Uniform lamina (equilateral triangle) in a hoop.

Question

A uniform lamina is in the shape of an equilateral triangle $ABC$, and rests in equilibrium inside a vertical circular hoop with $B$ and $C$ in contact with the hoop, and $A$ at the centre of the circle. Contact is smooth at $C$ and rough at $B$, where the coefficient of friction is $μ$. The lamina is in limiting equilibrium with $B$ lower than $C$, and the axis of symmetry through $A$ makes an angle with the vertical. By first taking moments about $A$, show that

$$tanθ=\frac{μ√3}{√3-2μ}$$

The lamina $ABC$ is placed so that $θ = 0$, and the hoop is slowly rotated about its centre in a vertical plane so that $θ$ increases. Find the value, $θ_o$, of $θ$ beyond which the lamina will topple about $B$, if it has not slid already. Also find the least value of $μ$ for which $θ$ will reach the value of $θ_o$ without the lamina sliding.

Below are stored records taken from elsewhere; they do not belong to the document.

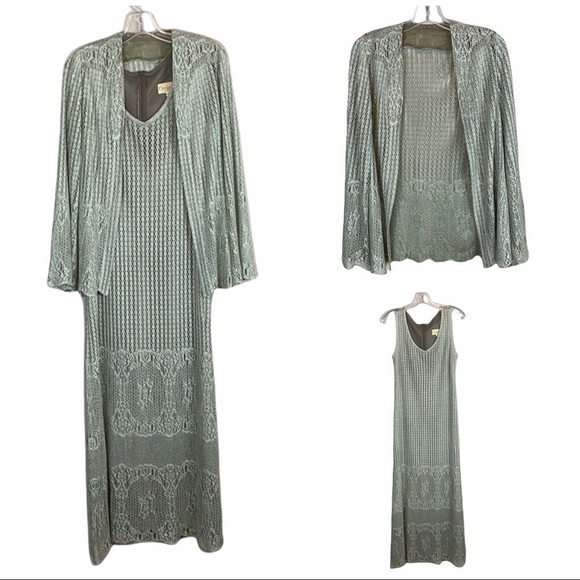 Damianou Crochet Dress & Bell Sleeve Cardigan Jacket Size Small Pistachio Green - Picture 1 of 16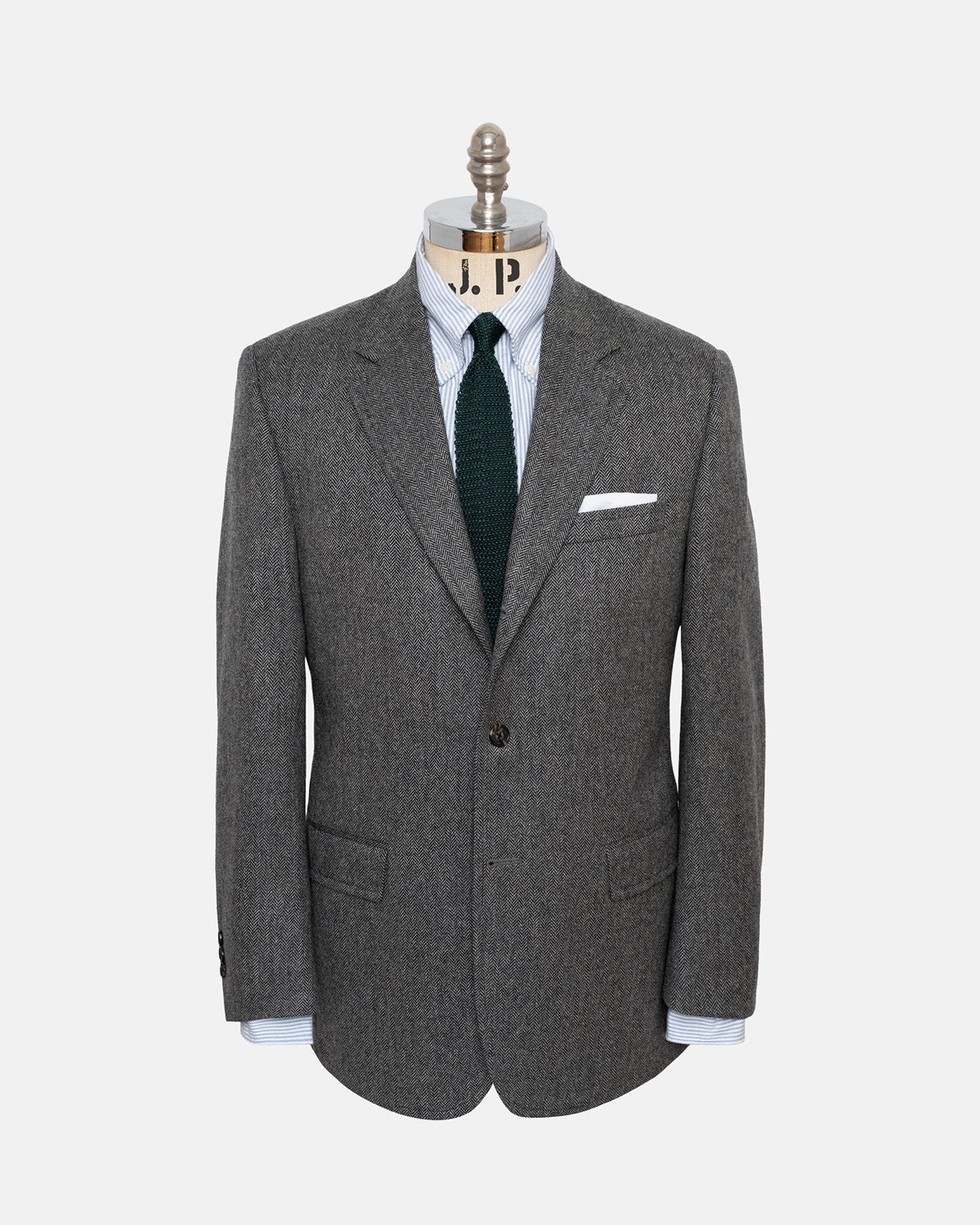 Made-in-Canada Grey Herringbone Cashmere Sport Coat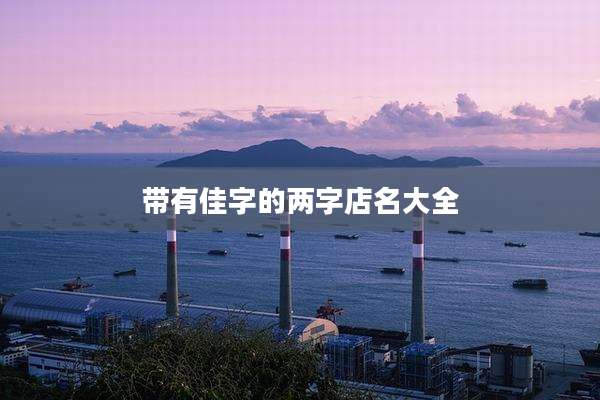 带有佳字的两字店名大全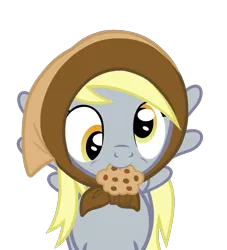 Size: 980x1080 | Tagged: safe, artist:kody02, derpibooru import, derpy hooves, pegasus, pony, the parent map, babushka, cute, derpabetes, digital art, female, food, happy, headscarf, mare, mouth hold, muffin, scarf, sideways glance, simple background, smiling, transparent background, vector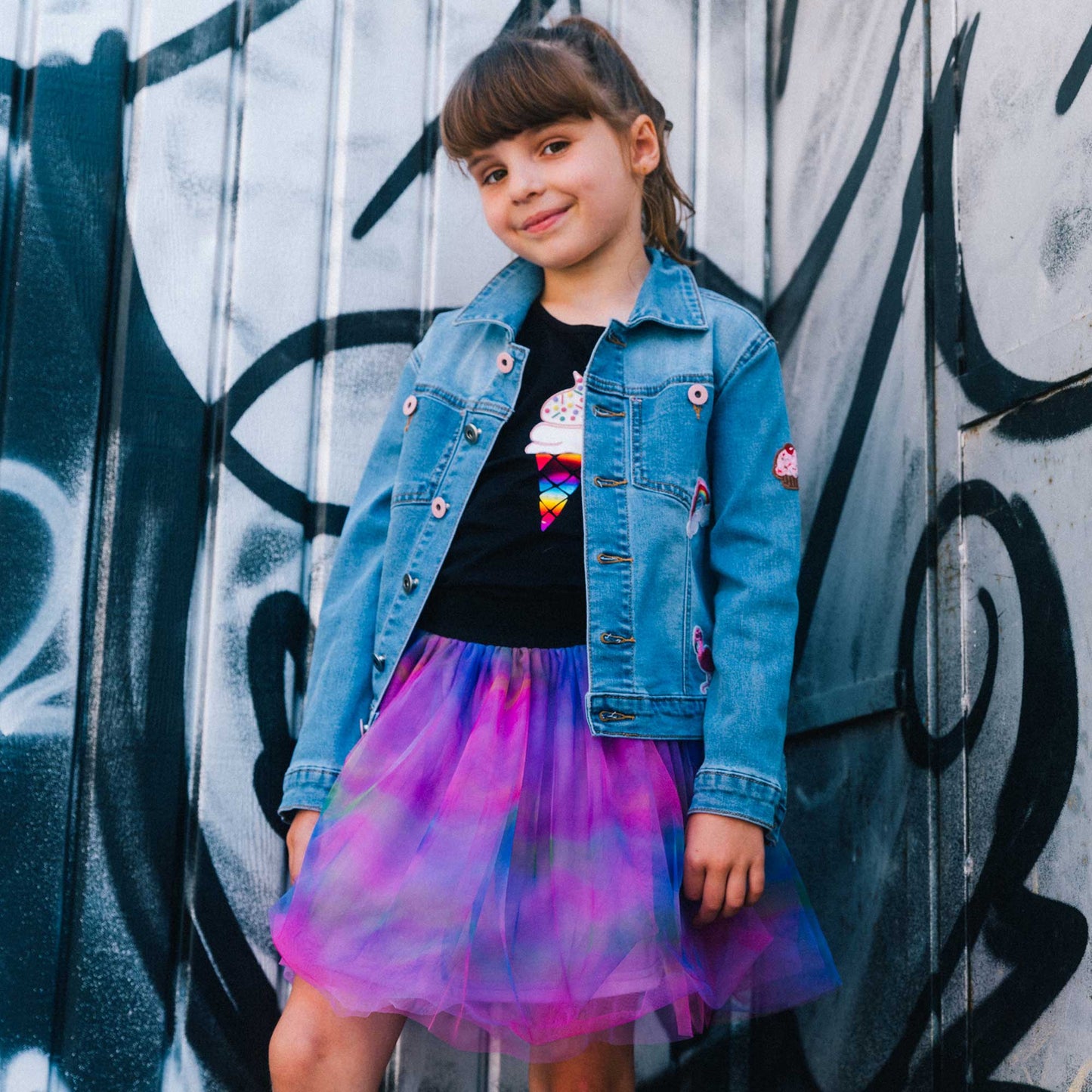 Jupe imprimée en tulle E30J80-087 - Multicolore - 2 à 14 ans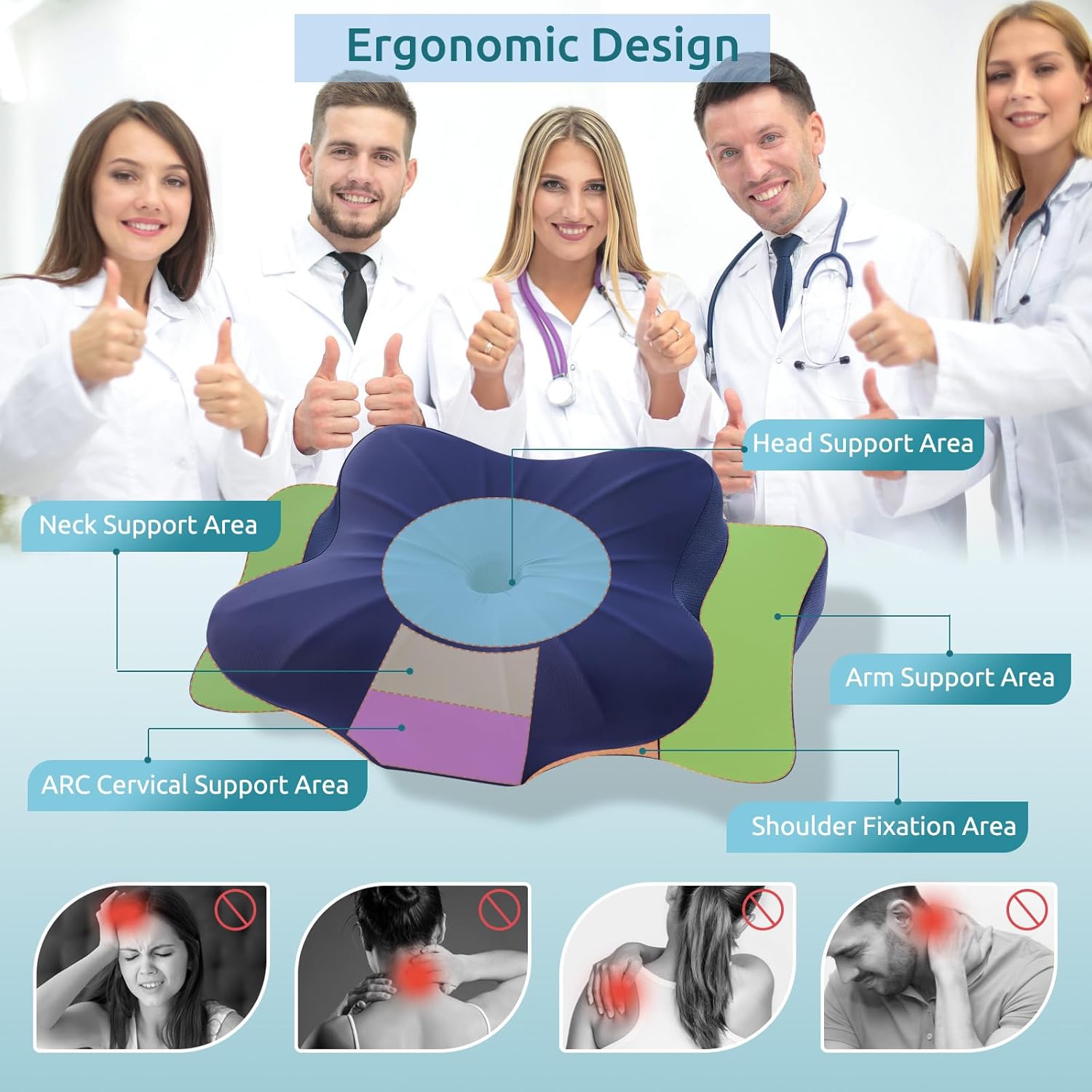 DONAMA Cervical Pillow for Neck and Shoulder,Contour Memory Foam Pillow,Ergonomic Neck Support Pillow for Side Back Stomach Sleepers with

The axis of symmetry, which is from $A$ to the base of the triangle (which forms a chord of the circle (hoop)) has length $\frac{√3r}{2}$. The normal reaction is in line with $A$ and the frictional force is at right angles to this at $B$. The lamina will have weight $W$.

Answer 1

Let the distance from any vertex of $ABC$ to the centre of mass of$ABC$ (the centre of the triangle) be $d$. There is a force $F$ acting along $AB$ which gives rise to the frictional force $\mu F$. Taking moments about $A$, since there is limiting equilibrium we get \begin{equation} dW\sin\theta=r\mu F. \tag{1} \label{eq:one} \end{equation} Resolving around $C$ we get a moment due to the weight of $$dW\cos\left(\frac{\pi}{6}-\theta\right)$$ which is balanced by the force $F$ at $B$ resolved orthogonal to $CB$, so \begin{equation} dW\cos\left(\frac{\pi}{6}-\theta\right) = rF\frac{\sqrt{3}}{2}. \tag{2} \label{eq:two} \end{equation} Solving \eqref{eq:one}, \eqref{eq:two} we get the answer.

If $ABC$ hasn't already slid, then it will topple when the centre of mass is over $B$, i.e. for $\theta > \theta_0 = \frac{\pi}{3}$. To find the least value of $\mu$, simply solve for it given $\theta=\frac{\pi}{3}$.

Answer 2

I have modeled it slightly differently.

I have a normal reaction $R$ acting along $AB$ towards $A$. The frictional force $μR$ orthogonal to this pointing to the left and $W$ vertically downwards from the centre of $BC$.

So I have:

Moments about $A$: $$\frac{r√3}{2}W=rμRsinθ$$ So $$W=\frac{2rμRsinθ}{r√3}$$

Resolving vertically (with R pointing towards the right and μR to the left (at an angle $θ$)): $$W=Rsinθ - μRcosθ$$

So $$\frac{2rμRsinθ}{r√3}= Rsinθ - μRcosθ$$

Which gives $$2rμsinθ - r√3sinθ = -r√3μcosθ$$

Which rearranges to give $$tanθ = \frac{μ√3}{√3-2μ}$$

For the value of $μ$, I have:

$$tan(60)=\frac{μ√3}{√3-2μ}$$

$$√3(√3-2μ)=μ√3$$ $$μ=\frac{3}{√3+2√3}=\frac{√3}{3}$$